**Your goal:**
Beginning with the line that contains "Resident Evil 0: handgun" and ending with the line that contains "Photo of property", reproduce the lines of the entries below exactly, omitting pictures.
---------- Given records
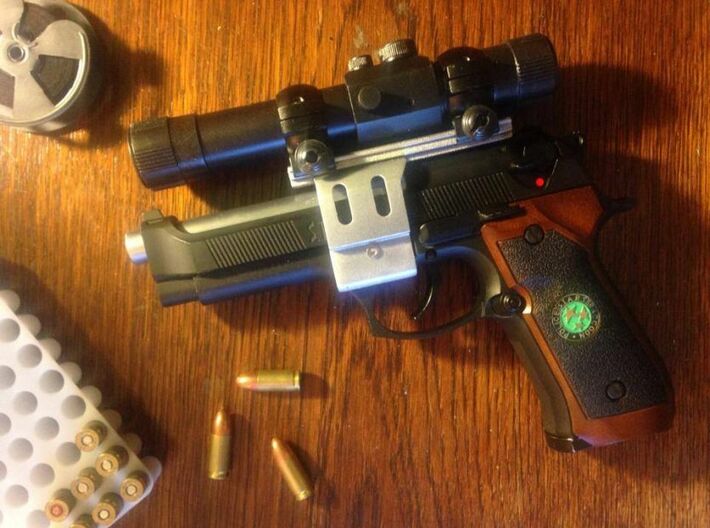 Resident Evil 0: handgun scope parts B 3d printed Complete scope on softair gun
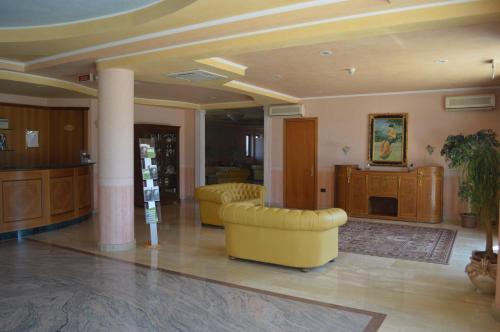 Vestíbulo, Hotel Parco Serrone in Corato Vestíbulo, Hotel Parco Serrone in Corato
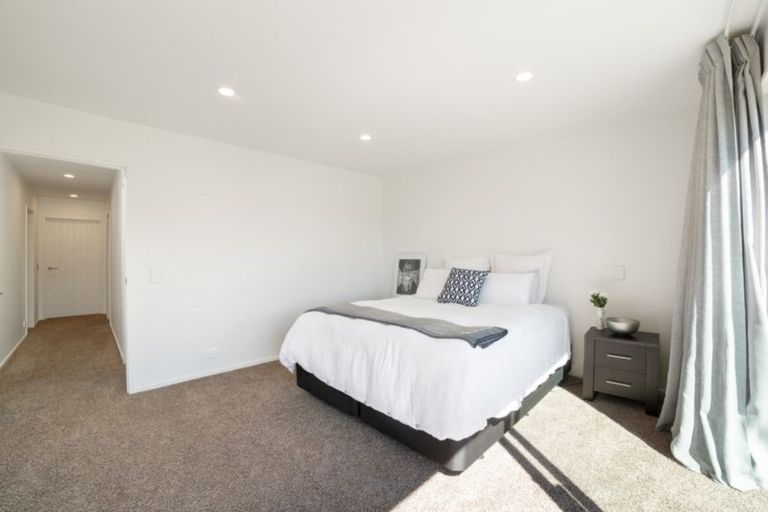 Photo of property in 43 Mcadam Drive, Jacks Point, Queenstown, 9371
--------------------
---------- Given records
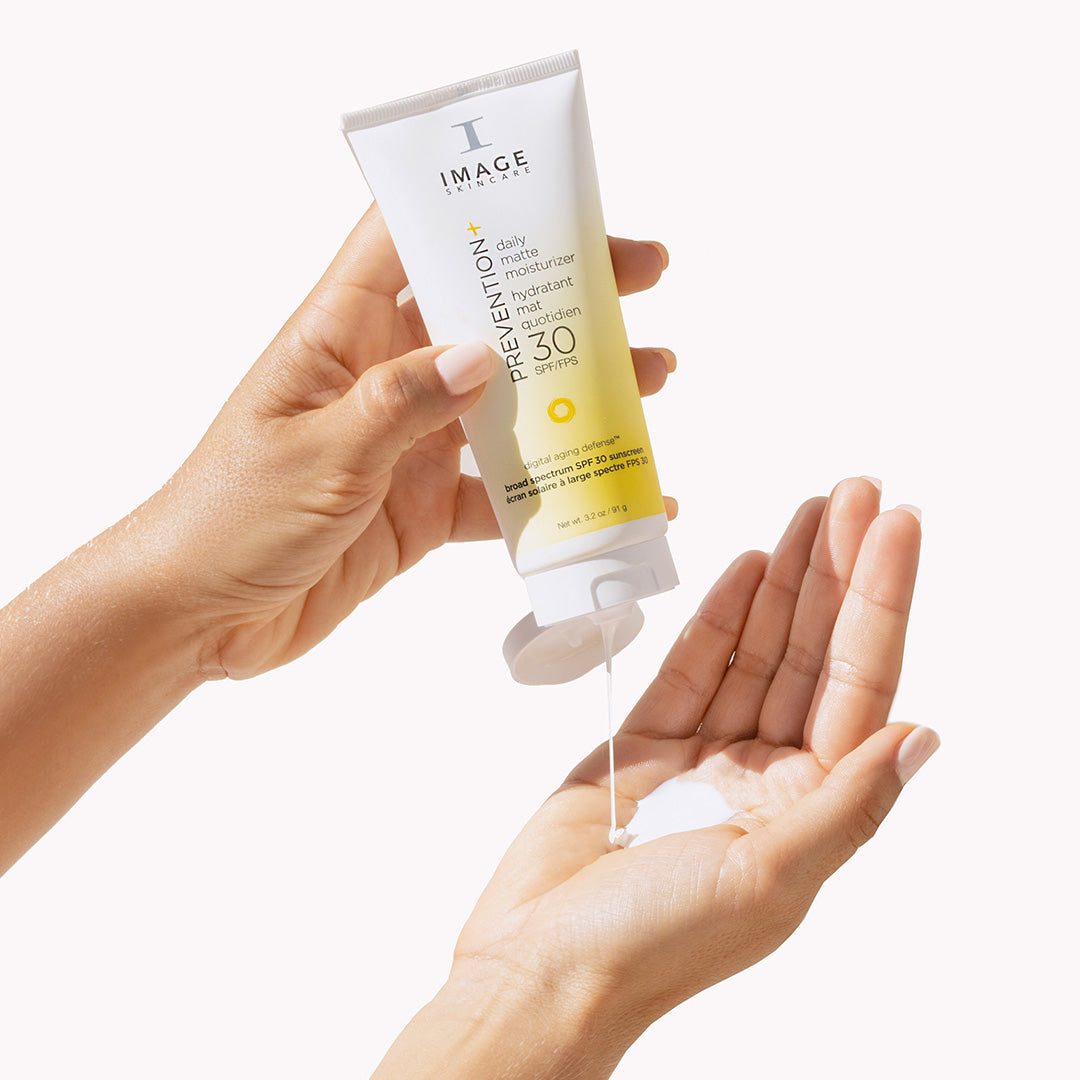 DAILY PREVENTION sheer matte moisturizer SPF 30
--------------------
**Solution:**
 Resident Evil 0: handgun scope parts B 3d printed Complete scope on softair gun
 Vestíbulo, Hotel Parco Serrone in Corato Vestíbulo, Hotel Parco Serrone in Corato
 Photo of property in 43 Mcadam Drive, Jacks Point, Queenstown, 9371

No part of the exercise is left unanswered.